Today we will go over what correlation measures and some of the examples from Chapter 6.

Examples from the book

The plots from Chapter 6

  • Scatterplot
  • Scatterplot Matrix
  • Correlogram
  • Bubble Chart

Correlation is not Causation

In introductory Statististics courses the difference between Correlation and Causation is discussed.

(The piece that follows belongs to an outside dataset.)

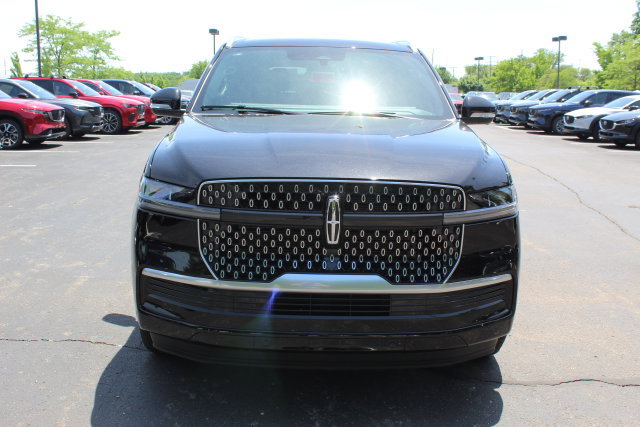 Used 2026 Lincoln Navigator Reserve AWD/4WD image 8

These two ideas are not the same.

Often it is said, “Correlation is not causation.”

Correlation

The Correlation Coeficient, \( r \), measures the strength and direction of the linear association between two quantitative variables.

Memorize this!

Good interview question.

Causation

One variable causes an effect, linear or non-linear, on another another variable.

Causality

Probabilistic Causation

Confounding variables

A confounding variable is another variable that influences the other variables.

Simpson's Paradox

Edward Simpson: Bayes at Bletchley Park

Example of Simpson's Paradox

### synthetic data

# Consider book price (y) by number of pages (x)

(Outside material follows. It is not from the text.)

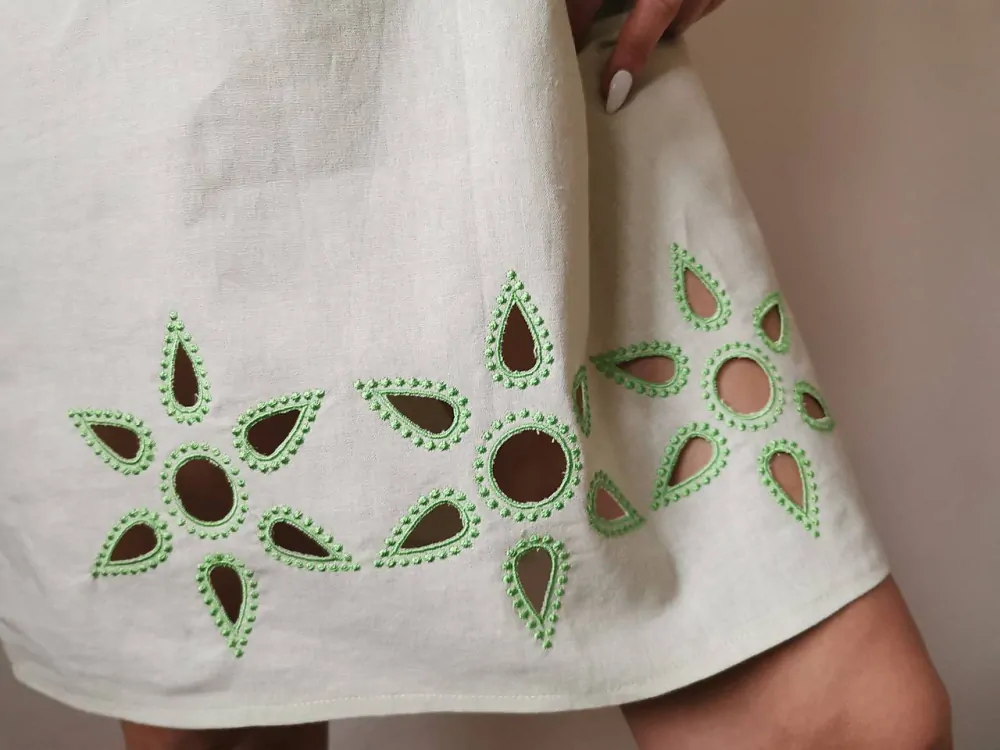 Ľanové šaty so zelenými kvietkami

z = c("hardcover","hardcover",
      "hardcover","hardcover",
      "paperback", "paperback","paperback", 
      "paperback")

x1 = c( 150, 225, 342, 185)
y1 = c( 27.43, 48.76, 50.25, 32.01 )

x2 = c( 475, 834, 1020, 790)
y2 = c( 10.00, 15.73, 20.00, 17.89 )

x = c(x1, x2)
y = c(y1, y2)

Example of Simpson's Paradox

plot(x,y)

plot of chunk unnamed-chunk-2

Example of Simpson's Paradox

# correlation

cor(y, x)
[1] -0.5949366
cor(y1, x1)
[1] 0.8481439
cor(y2, x2)
[1] 0.9559518

Example of Simpson's Paradox

# linear regression

lm(y ~ x)

Call:
lm(formula = y ~ x)

Coefficients:
(Intercept)            x  
   41.15238     -0.02665  

Example of Simpson's Paradox

# linear regression

lm(y1 ~ x1)

Call:
lm(formula = y1 ~ x1)

Coefficients:
(Intercept)           x1  
    13.0613       0.1177  

Example of Simpson's Paradox

# linear regression

lm(y2 ~ x2)

Call:
lm(formula = y2 ~ x2)

Coefficients:
(Intercept)           x2  
    1.72389      0.01819  

Example of Simpson's Paradox

Summary: Simpson's Paradox is the changing of the direction of a relationship with the introduction of another variable.

The relationship between Price and Number of pages in a book changes with the introduction of the variable Type of Book (Hardcover, Paperback).

See the R Markdown document SimpsonsParadox available on RPubs.com/esuess.

My favorite plot

The Scatterplot matix is a very useful plot for seeing the correlations between variables in a dataset.

Not so useful with more than about 10 variables.

What to do with more variables?

The Correlogram is very useful

From the Quick-R website.

Correlogram

library(corrgram)

R code

corrgram(mtcars, order=TRUE, 
  lower.panel=panel.shade,
  upper.panel=panel.pie, 
  text.panel=panel.txt,
  main="Car Milage Data in PC2/PC1 Order")

plot of chunk unnamed-chunk-8

R code

corrgram(mtcars, order=TRUE, 
  lower.panel=panel.ellipse,
  upper.panel=panel.pts, 
  text.panel=panel.txt,
  diag.panel=panel.minmax, 
  main="Car Milage Data in PC2/PC1 Order")

plot of chunk unnamed-chunk-9

Bubbles

Be sure to study the discussion of the use area in the section about Bubbles on pages 193 and 194. Look at Figure 6-12, 6-13, 6-14, 6-16 and 6-17. Study Figure 6-17 that uses the correct sized cirles.